The Steps


Intro:
Before you begin
Step 1:
Gather your materials
Step 2:
Use your own voice
Step 3:
Know what to include
Step 4:
Mail it!



The Necessities


A card

A pen

An envelope

A stamp

Optional: craft materials such as glue, glitter, stickers and colored paper (this is a good idea for kids' thank-you notes)



Time


Ten minutes or less per note



Helpful Tips


Type-written thank-yous are acceptable for formal job interviews. Proper spelling, grammar and punctuation are critical in this situation. The name of the person you're thanking and the company name are especially important, so get a business card before you leave.
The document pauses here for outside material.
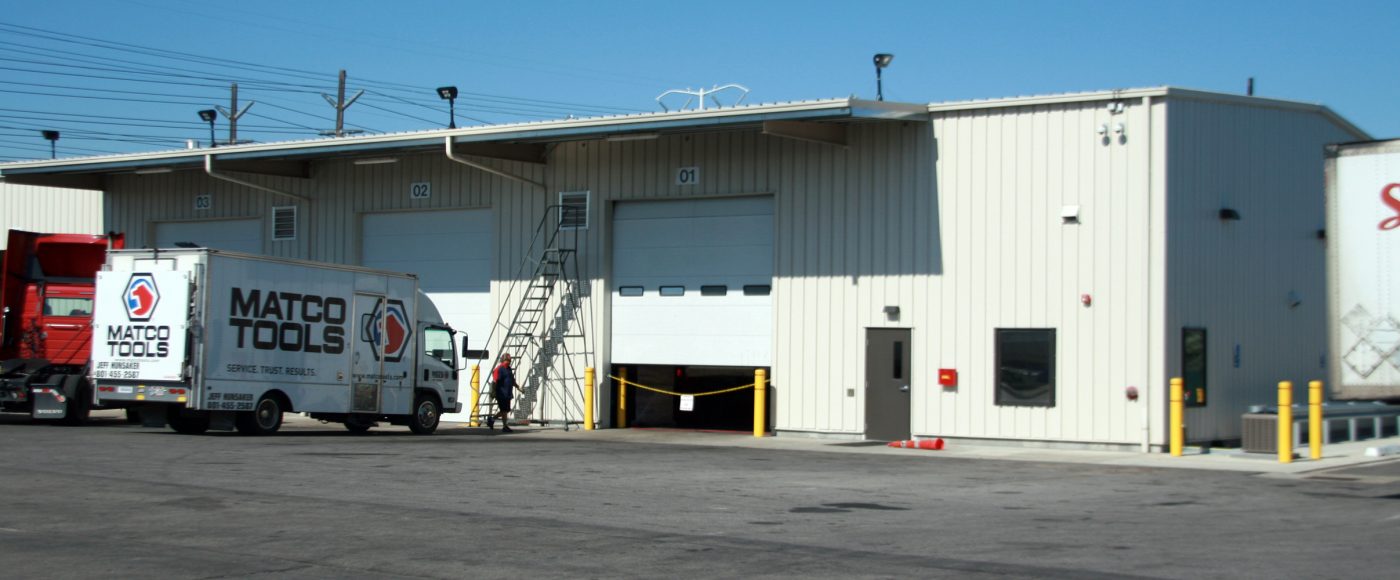 EDIT SAIA Motor Freight Maintenance Facility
If you get a lot of gifts at once, say at a party, shower, or wedding, keep a list of what you received and who gave it to you. Ask a friend to help if you need to.

If you are getting married and begin to receive gifts prior to the wedding, try to send your thank-you notes as you receive them. This will give you a head start on all the other ones you'll need to send.

If you received superior service from someone, a thank-you is not only appreciated, but can also serve as a reference they'll use for future clients.

 

Style and Grace


2torial #0547:
Learn2 Write a Thank-You Note

The write stuff

Let's say Aunt Mable just sent you a faux Ming dynasty vase and you're not quite sure what to do with it. First things first: set it down and get out your pen. It's time to write a thank-you note (even if Ming ain't your thing).

If someone does something especially nice for you, it's important to let that person know how much you appreciate it. A thank-you note is the perfect means to do so. It's a personal touch that's enjoyed by all involved. Besides, it only takes a few minutes, and the results can last much longer.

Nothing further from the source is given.